Monday, June 30, 2008

Heaven is other people

Giles Fraser, Vicar of Putney, reassures us that he does think atheists can be moral. Phew. But:

My worry about the way many atheists describe the process of moral decision-making is that it seems to boil down to a sense of moral instinct, informed by a few formulas of general benevolence…
This seems so naïve, underestimating the extent to which human beings are able to deceive themselves into believing they are doing the right thing, when they are simply doing what they want or what makes them happy.
Christian moral decision-making begins with a strong sense that we often try to fool ourselves, and thus we need some external check. Going to church, regular prayer, reading from scripture, specific times to meet and challenge each other’s moral instincts: all these are forms of external practice which offer checks against the dominance of my own internal moral intuitions.

Sigh…

On the moral fallibility of the Bible and the mixed motives Christians can have in appealing to it, Alonzo Fyfe makes a good response to Fraser. As for my own two penn’orth:

Everyone, of whatever religious views, has experience of moral deliberation. Sometimes we do this with others, sometimes on our own. But even when alone, we still can and do think about the views of others and how these might inform our own thinking. And we are still informed by the moral influences in our lives, be they familial, societal, literary, theological or whatever.

Christians have access to the Bible to help them make moral decisions. But so do atheists: just as you don’t need to believe that there really was a ‘good Samaritan’ to appreciate the parable, so you don’t have to believe that Jesus was anything other than human to wonder (if he strikes you as a good moral example) ‘What would Jesus do?’ Atheists also have recourse to the opinions and examples of any number of political leaders, moral philosophers, fictional heroes and ordinary people. And so, although they downplay these in contrast to their scripture, do Christians.

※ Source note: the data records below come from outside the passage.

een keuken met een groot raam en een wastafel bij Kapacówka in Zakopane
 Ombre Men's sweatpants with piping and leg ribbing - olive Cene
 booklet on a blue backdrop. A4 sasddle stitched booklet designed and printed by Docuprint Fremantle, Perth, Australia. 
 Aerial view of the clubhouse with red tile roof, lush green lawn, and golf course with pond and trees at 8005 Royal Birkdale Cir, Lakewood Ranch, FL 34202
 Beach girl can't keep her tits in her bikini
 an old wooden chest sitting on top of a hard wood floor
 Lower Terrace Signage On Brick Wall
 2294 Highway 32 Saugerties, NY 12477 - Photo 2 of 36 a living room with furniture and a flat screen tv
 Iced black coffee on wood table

We all have as many checks as we want against self-serving self-deception; and we all have to decide for ourselves how much use we want to make of those checks.

I’m regularly surprised by how flimsy are the claims of the religious to be not necessarily morally better than atheists but morally better resourced.

Fraser says:

Many of the atheists I get into discussion with seem content to perform an internal self-audit of their moral dispositions. … Perhaps that is what comes of having a moral vision shaped by little more than what one is against?

I can’t speak about his atheist acquaintances, but I can say that mine would think it bizarre to base a moral vision on disbelief in gods, ghosts, unicorns, flying spaghetti monsters and the rest. All this disbelief does is to remove one kind of distraction from your moral thinking.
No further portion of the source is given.